If Taiwanese investors were shaken by the heightened tension across the Taiwan Strait, they showed few visible signs of it at a mainland investment and trade fair in Xiamen.
The five-day event organised by the Ministry of Foreign Trade and Economic Co-operation is the biggest of its kind since cross-strait tensions rose in July, with 30,000 participants from 35 countries.
Taiwanese businessmen have outdone their Hong Kong counterparts by taking up much of the second floor at the Xiamen Blossom Exhibition City to show off their wares. Hong Kong's Trade Development Council, in contrast, has a modest booth on the first level.
Stephen Shen, president of Xiamen Dah Yang Telecom, a Taiwan-backed mainland electronic parts venture, said: 'We are naturally a bit nervous about the strained relations.
'But we are here to do business and will leave politics to the politicians.' 'Xiamen authorities have been supportive of us - no matter how the [political] ties are.' Mr Shen probably spoke for most Taiwanese businessmen, who, attracted by the cheap labour and cultural affinity with the mainlanders, have staked about US$30 billion in the country - mostly through Hong kong companies, as Taipei bans direct investment in the mainland.

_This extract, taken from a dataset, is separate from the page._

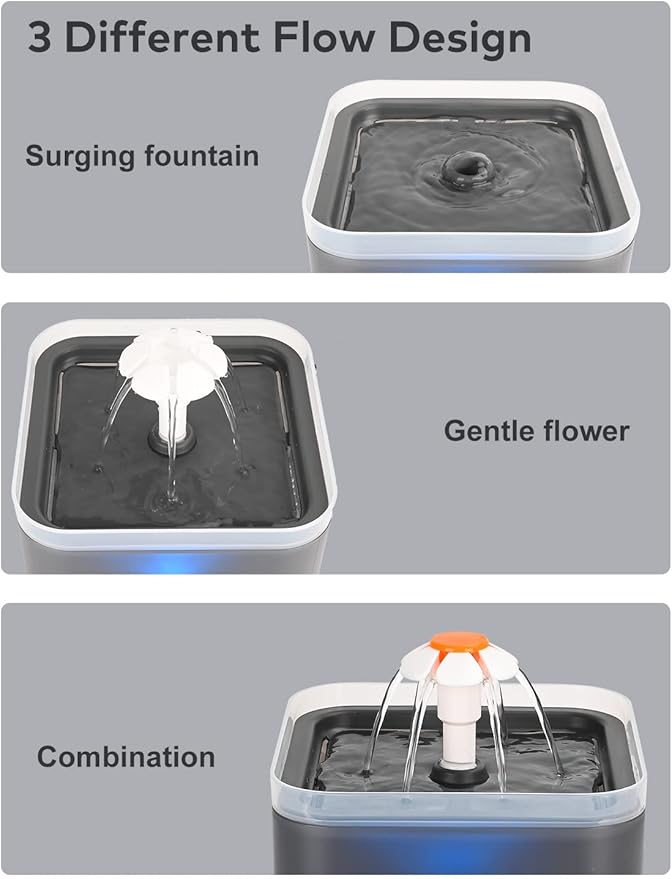 Cat Water Fountain Black Plastic: Cat Fountain Flower - Pet Water Fountain for Cats Indoor - 67oz/2L Small Cat Drinking Fountain with Led Light - Ultra Silent Water Fountain for Cats - AONBOY - PAWPICO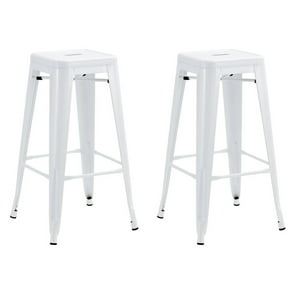 Itahome - Set De 2 Pisos De Bar Metal Tolix Blanco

Their factories, producing everything from handbags to computer parts, have helped to narrow the economic gap across the Taiwan Strait despite seemingly unbridgeable political differences.
Most Taiwanese have their ancestral roots in Fujian, so naturally they zoomed in on the province when they were allowed by Taipei to begin to invest indirectly in the mainland in the mid-1980s.